Tamoxifen, and the use of annual mammography (and MRIs, if necessary), reduced the risk of developing new invasive breast cancers by 40% and reduced the risk of breast cancer deaths by 57%. This translates to 95 fewer invasive breast cancers and 42 fewer breast cancer deaths per 1,000 women compared to women who didn’t get a mammogram, an MRI, or risk-reducing drugs. The scientists noted that the drugs were not without downsides, as tamoxifen could increase the number of new endometrial cancers by up to 11 per 1,000 women.

“The Institute of Medicine [now the National Academy of Medicine] suggests that modeling approaches such as ours are going to provide the most definitive answers about the value of these drugs because, given size and cost considerations, a clinical trial would be impractical, even putting aside the fact that evidence of benefit from a clinical trial would take close to 20 years to accrue,” says Isaacs.
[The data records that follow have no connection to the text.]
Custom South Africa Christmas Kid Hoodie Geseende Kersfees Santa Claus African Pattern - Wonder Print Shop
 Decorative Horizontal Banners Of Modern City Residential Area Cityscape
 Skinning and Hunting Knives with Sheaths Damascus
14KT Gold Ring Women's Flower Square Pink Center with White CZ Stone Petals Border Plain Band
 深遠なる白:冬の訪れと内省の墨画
In addition to Isaacs, the other authors from Georgetown include Jinani Jayasekera (now at the National Cancer Institute), Amy Zhao, Suzanne O’Neill, Marc Schwartz and Jeanne Mandelblatt. Clyde B. Schechter is at the Albert Einstein College of Medicine, Bronx, NY. Allison Kurian is at Stanford University School of Medicine, Stanford, California. Karen Wernli is at the Kaiser Permanente Washington Health Research Institute, Seattle. Kathryn Lowry is at the University of Washington, Seattle Cancer Care Alliance, Seattle. Natasha Stout and Jennifer Yeh are at Harvard Medical School, Boston.

The study was supported by National Cancer Institute grants K99CA241397, R03CA259896, 5P30CA051008-28, P01CA154292, U54CA163303, National Institute of Health grant PCS-1504-30370 and Agency for Health Research and Quality grant R01 HS018366-01A1.

Claudine Isaacs has received research funding support from Tesaro/GSK, Seattle Genetics, Pfizer, AstraZeneca BMS, Genentech and Novartis; consultation fees from Genentech, PUMA, Seattle Genetics, AstraZeneca, Novartis, Pfizer, ESAI, Sanofi, ION and Gilead; royalties from Wolters Kluwer (UptoDate) and McGraw Hill (Goodman and Gillman) and is the Medical Director of the non-profit SideOut Foundation. Jinani Jayasekera, Clyde B. Schechter, Kathryn Lowry, Jennifer Yeh, Marc Schwartz, Suzanne O’Neill, Karen Wernli, and Natasha Stout, report no disclosures. Allison Kurian has received research funding to her institution from Myriad Genetics.